O interesse de Trump pela Groenlândia não é novo. Em junho, o secretário de Estado americano, Marco Rubio, já indicava que conversas sobre o tema estavam em andamento. Em maio, o próprio presidente americano postou em suas redes sociais uma montagem onde aparecia "segurando" a Groenlândia, com a legenda "Hello, Greenland!".
## Importância Geopolítica e Militar
A Groenlândia, um território autônomo ligado à Dinamarca, possui uma relevância geoestratégica considerável. Abriga a base espacial americana de Pituffik, fundamental para o monitoramento militar e espacial dos EUA na região ártica. Trump já havia mencionado em janeiro a importância da ilha para a segurança nacional americana, em face do avanço de Rússia e China no Ártico, e para o desenvolvimento de seu projeto de escudo antimísseis, o Domo de Ouro.
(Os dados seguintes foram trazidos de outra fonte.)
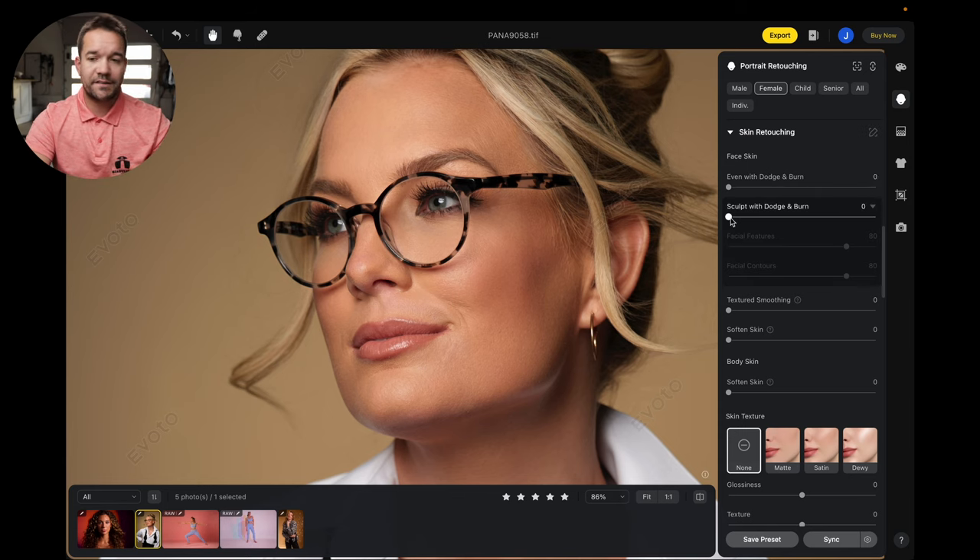Let's turn that off and see what 'Sculpt with Dodge and Burn' does. With sculpt with dodge and burn, this is going to be true dodging and burning — taking the highlights and enhancing them a little bit, and the shadows and darkening them a little bit, almost enhancing where she's got makeup. So let's slide that all the way up, and you can see that basically the contour of her face was enhanced a little bit.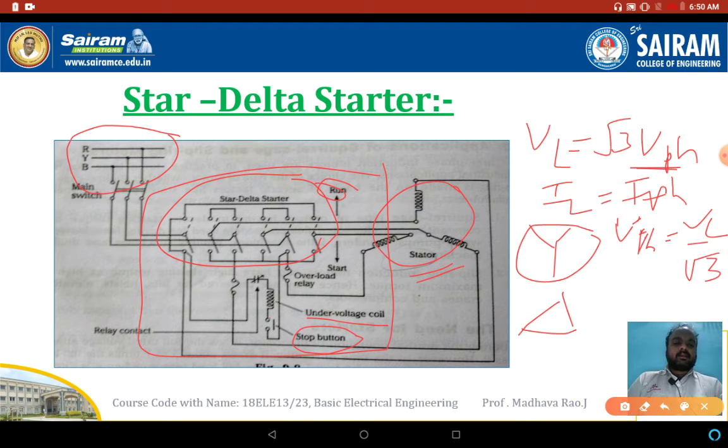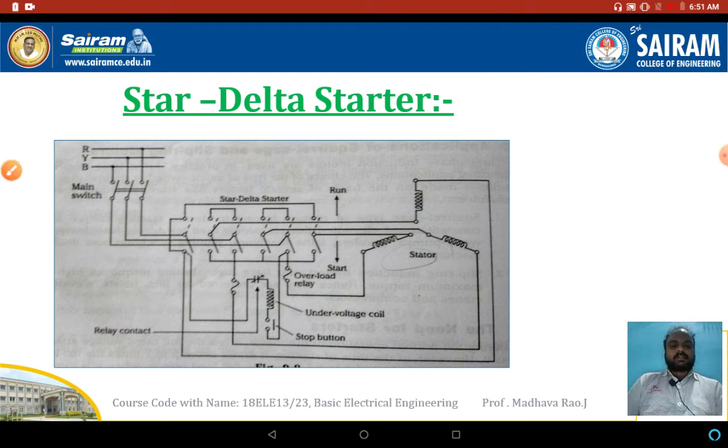The necessity of a starter is to protect the motor from higher currents and higher torques. Without a starter, if connected directly to the supply, it draws 5 to 7 times the rated current and produces 1.5 to 2.5 times the rated torque, which damages the induction motor. To protect from this, we use the star delta starter. During starting, the stator winding is connected in star; once the motor attains rated speed, it automatically changes to delta using the changeover switch. You should practice this diagram.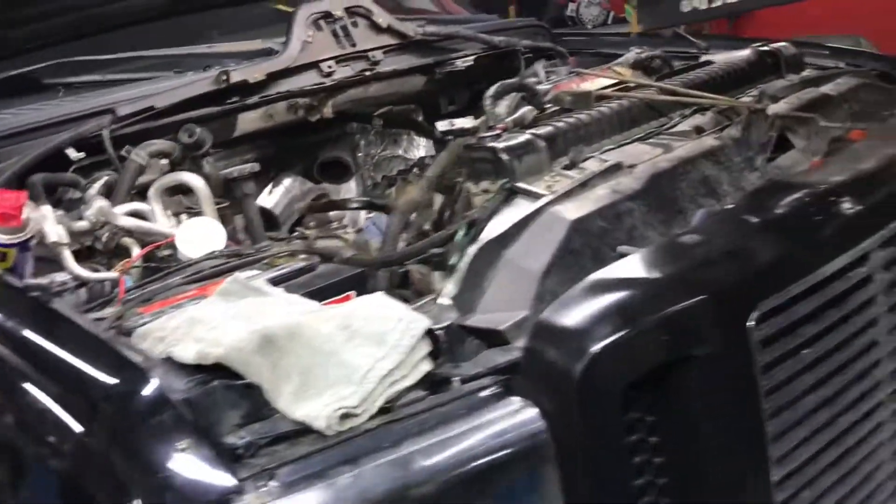Oh, how art thou truck gods — shine down on us and let this one be good. Oh boy.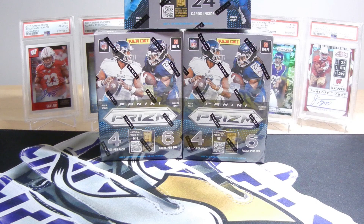Hello YouTube, this is Rev's Rips. I'm Rev, back again with my newest rip. This one is another 2022 Panini Prism Triple Blaster Box Rip Fest.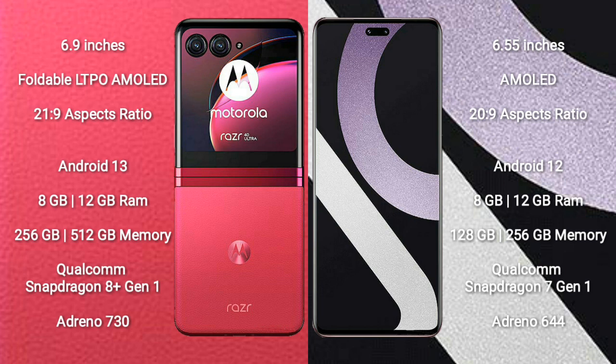Motorola RAZR 40 Ultra comes with 8GB and 12GB RAM, 256GB and 512GB internal storage, Qualcomm Snapdragon 8 Gen 1 processor, and Adreno 730 GPU.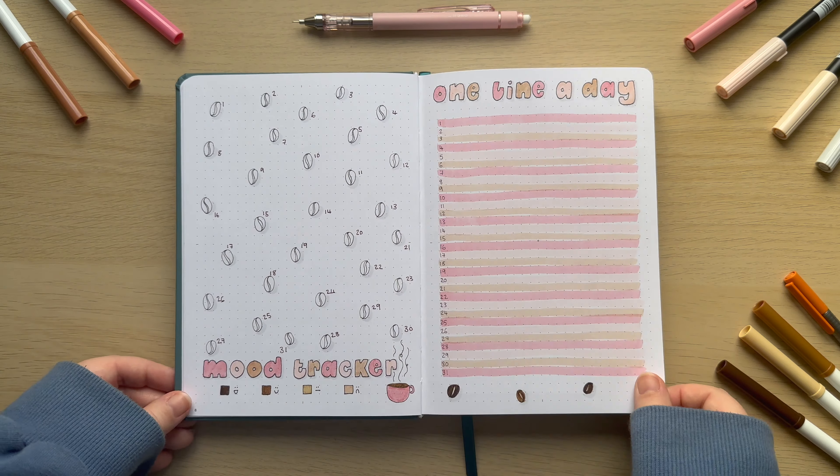But there we have it — that is my January bullet journal all set up ready for the new month and the new year. We've got the cover page, the calendar page, the mood tracker, the one line a day, and also the first weekly spread up and running ready to go. Let me know if you enjoyed me including the weekly spread as that's something I don't normally do, and if it helped you out I'll gladly keep it coming. If you enjoyed this video don't forget to like, comment, subscribe and hit the notification bell — happy new year everyone and I'll see you in the next one!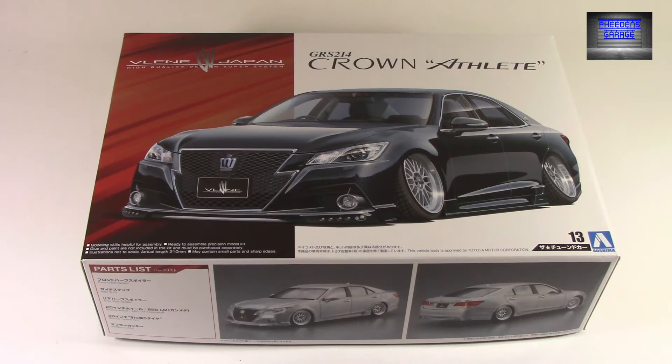Welcome everyone to What's in the Box Look, and today we're taking a look at the Crown Athlete for Lean Japan version. This is going to be the 2012 Crown Royal, or the Crown Athlete kit, all based on the 2012 Crown Royal and Crown Athlete kit.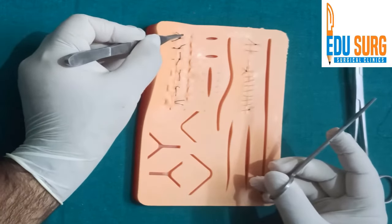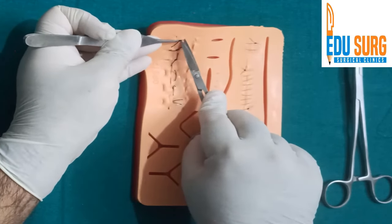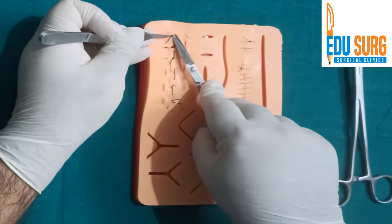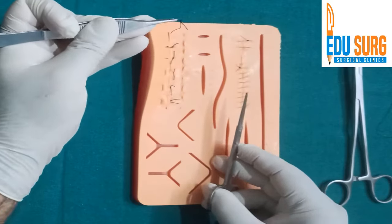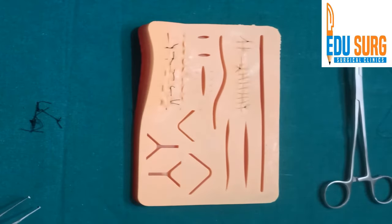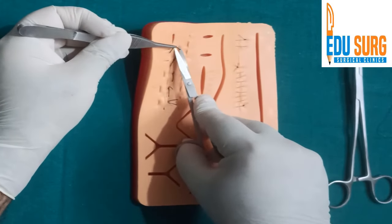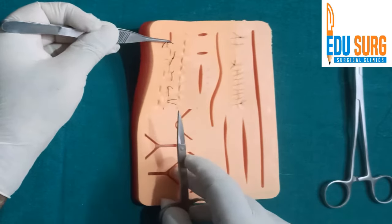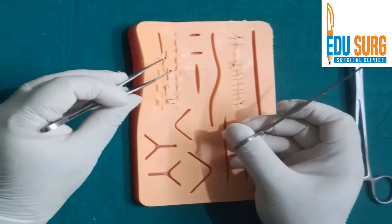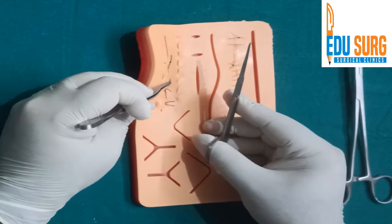The same principle applies to vertical mattress stitches. Pull, go a bit deep, and cut, then pull it out. Vertical mattress removal is a bit more painful than simple interrupted stitches.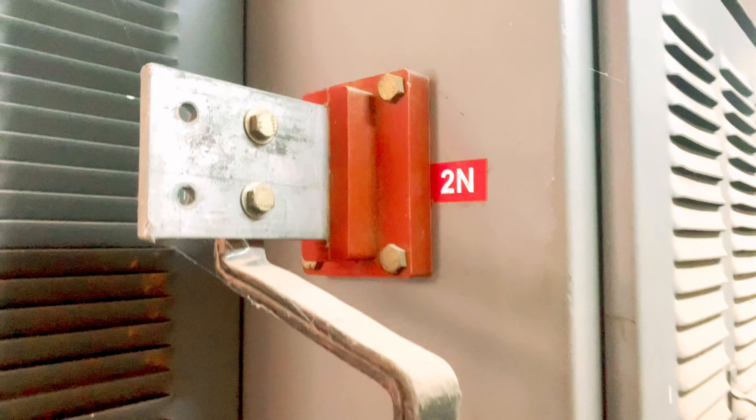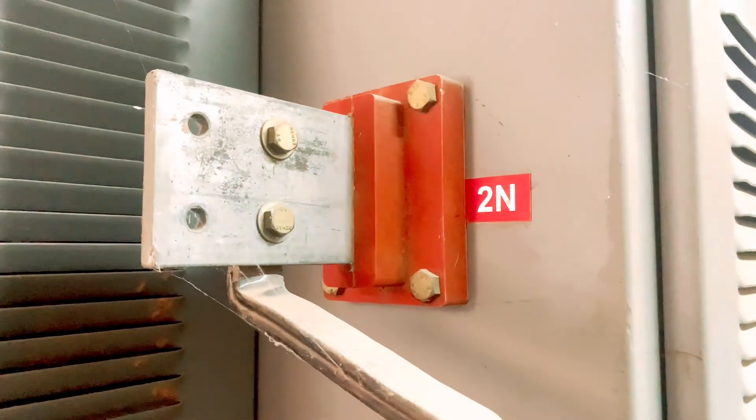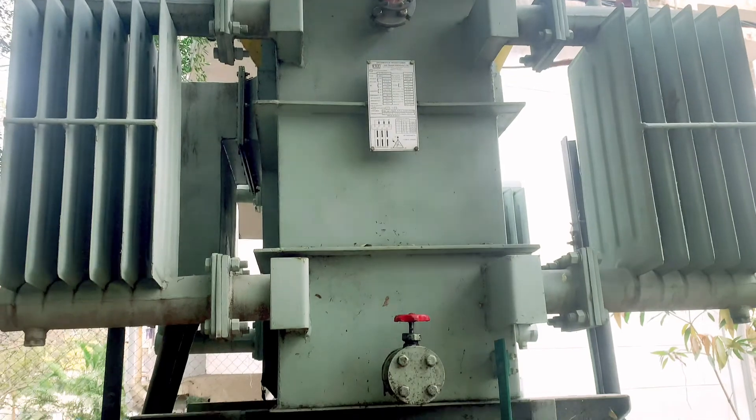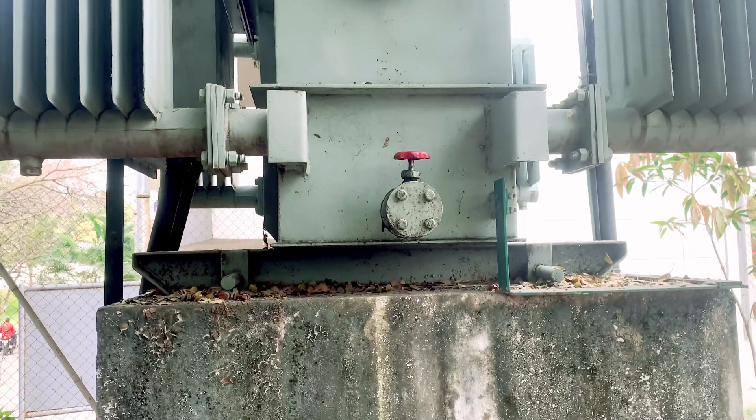If you are doing a neutral way, this is the connection. If you are doing a neutral way, you will explain clearly. This is the neutral way. This is the dry transformer and this is the oil transformer.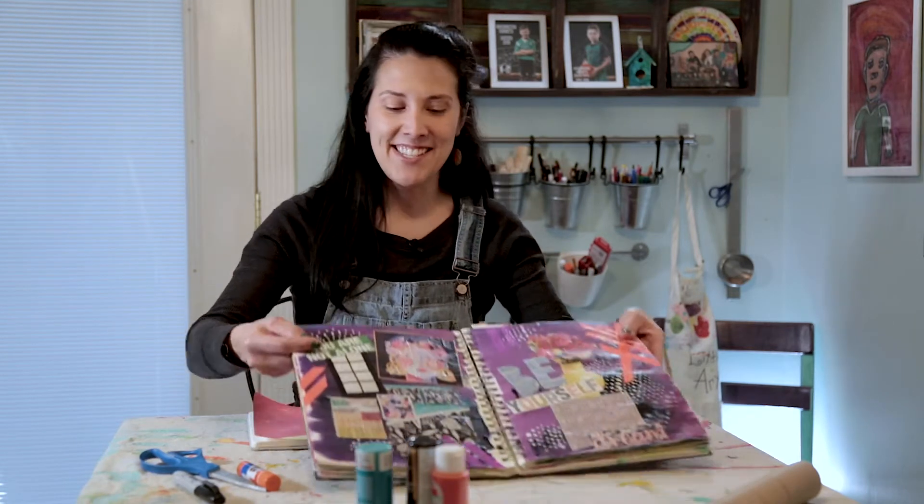Hey friends! Welcome back to another lesson on art journaling. This week we're going to be talking all about magazines and several ways you can use them in your art journal to do fun things like this.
A postura americana levanta questões sobre as ambições dos EUA no Ártico e suas relações diplomáticas com aliados europeus. A reação da Dinamarca, apoiada por declarações como a do presidente francês Emmanuel Macron, que afirmou que "a Groenlândia não está à venda, nem será tomada", demonstra a resistência a qualquer tentativa de negociação sobre a soberania territorial.